Packaging is according to commercial standards, unless other provisions are expressly approved when placing the order. If the customer prefers another commercially available packaging, it shall be calculated at cost price. Return of packaging is generally excluded.
If the transport is at the expense of the seller, the goods will be delivered as ordinary freight. The additional freight will be charged for speed or express delivery that is especially specified by the buyer.
V. Weights, dimensions and samples
- The weight information included in the quotations and order confirmations are usual for the goods in question. In the delivered goods, deviations up to +/- 5% thereof are considered approved and usual in trade. They do not entitle the buyer to any claim for remuneration or to make a complaint. The weight to be invoiced is the weight of the goods under normal ambient conditions as indicated under V.2.
- The weight is determined once the balance is achieved from the dry side at a relative humidity of 65% and a temperature of 20 degree Celsius. Complaints about the weight of the goods delivered can only be considered if the deviations mentioned in V.1 exceed or fall below +/- 5 %.

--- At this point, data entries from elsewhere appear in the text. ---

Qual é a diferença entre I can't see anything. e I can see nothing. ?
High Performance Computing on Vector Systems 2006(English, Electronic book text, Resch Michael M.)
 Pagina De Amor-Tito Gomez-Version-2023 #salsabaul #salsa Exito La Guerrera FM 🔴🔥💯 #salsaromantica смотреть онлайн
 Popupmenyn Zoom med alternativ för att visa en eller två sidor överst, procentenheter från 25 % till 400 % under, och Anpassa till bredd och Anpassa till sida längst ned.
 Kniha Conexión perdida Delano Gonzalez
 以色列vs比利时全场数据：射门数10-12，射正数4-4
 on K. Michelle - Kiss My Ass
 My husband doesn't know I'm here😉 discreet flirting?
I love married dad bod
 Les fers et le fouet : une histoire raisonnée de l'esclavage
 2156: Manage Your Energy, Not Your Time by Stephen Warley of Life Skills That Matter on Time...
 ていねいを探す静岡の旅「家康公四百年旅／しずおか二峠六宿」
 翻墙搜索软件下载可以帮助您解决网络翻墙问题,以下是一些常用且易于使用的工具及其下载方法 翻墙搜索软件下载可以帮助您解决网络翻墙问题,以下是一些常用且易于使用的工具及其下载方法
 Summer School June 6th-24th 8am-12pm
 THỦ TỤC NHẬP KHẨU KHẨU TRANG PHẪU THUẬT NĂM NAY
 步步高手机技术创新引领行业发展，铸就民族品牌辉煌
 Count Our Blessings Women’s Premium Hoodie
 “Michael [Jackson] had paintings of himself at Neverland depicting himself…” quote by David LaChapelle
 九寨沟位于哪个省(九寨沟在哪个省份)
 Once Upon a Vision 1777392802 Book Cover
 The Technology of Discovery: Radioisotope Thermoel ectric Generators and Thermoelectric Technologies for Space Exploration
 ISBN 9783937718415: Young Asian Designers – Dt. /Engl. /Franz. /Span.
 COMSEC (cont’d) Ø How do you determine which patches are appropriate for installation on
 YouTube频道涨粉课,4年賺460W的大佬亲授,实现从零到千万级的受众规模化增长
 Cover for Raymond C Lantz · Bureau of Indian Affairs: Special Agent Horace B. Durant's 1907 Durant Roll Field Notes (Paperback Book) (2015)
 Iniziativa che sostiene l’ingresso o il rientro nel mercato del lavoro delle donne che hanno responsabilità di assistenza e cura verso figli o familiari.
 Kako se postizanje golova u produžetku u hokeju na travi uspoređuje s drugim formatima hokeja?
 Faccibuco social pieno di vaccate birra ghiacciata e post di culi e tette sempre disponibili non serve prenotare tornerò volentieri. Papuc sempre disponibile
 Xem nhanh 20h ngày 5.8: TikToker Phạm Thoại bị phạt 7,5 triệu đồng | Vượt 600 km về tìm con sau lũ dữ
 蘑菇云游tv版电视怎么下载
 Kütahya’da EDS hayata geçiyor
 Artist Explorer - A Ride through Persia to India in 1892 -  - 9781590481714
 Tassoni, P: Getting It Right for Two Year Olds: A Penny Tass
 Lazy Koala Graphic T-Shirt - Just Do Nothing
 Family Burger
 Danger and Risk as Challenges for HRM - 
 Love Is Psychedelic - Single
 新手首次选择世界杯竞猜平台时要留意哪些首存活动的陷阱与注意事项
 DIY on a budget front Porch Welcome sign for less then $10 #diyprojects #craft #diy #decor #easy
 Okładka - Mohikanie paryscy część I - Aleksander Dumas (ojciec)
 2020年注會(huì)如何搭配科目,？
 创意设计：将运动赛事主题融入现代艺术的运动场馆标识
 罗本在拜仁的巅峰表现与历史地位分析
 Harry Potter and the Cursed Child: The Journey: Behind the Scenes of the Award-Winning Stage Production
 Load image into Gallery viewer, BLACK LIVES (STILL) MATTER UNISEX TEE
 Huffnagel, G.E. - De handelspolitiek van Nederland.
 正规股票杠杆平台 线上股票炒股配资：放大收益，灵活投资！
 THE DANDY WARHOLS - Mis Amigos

- The seller does not assume any responsibility for any consequences arising from incomplete or incorrect dimensions or other specifications by the purchaser. The machine coverings are produced so that they achieve the dimensions required for the satisfactory performance after running on the machine at normal tension.
- Samples can only be considered as representative samples. The seller does not assume any warranty or responsibility for identicalness of the deliveries and samples.
VI. Purchase agreement
The purchase agreement is binding on the seller only in accordance with the text of his written order confirmation.
- The prices and conditions which are valid on the day of delivery apply, unless other prices were expressly agreed.
- The buyer shall bear any taxes or other public charges and extras that are not at the expense of the seller in accordance with the order confirmation.
VIII. Invoicing and payment, retention of title
- The invoice is issued upon shipment of goods.
- Payments must be made in accordance with the conditions agreed and noted on the invoice. Deductions for postage, remittance and insurance fees are not allowed. Any discountable change in this regard can be credited to discount and all other charges. We do not accept any liability for timely completion and protest. The following are accepted as cash payment: cash, check, postal check and bank transfer. In case of default of payment, default interest at the rate of 9% above the respective Federal Bank discount shall be calculated without prior warning.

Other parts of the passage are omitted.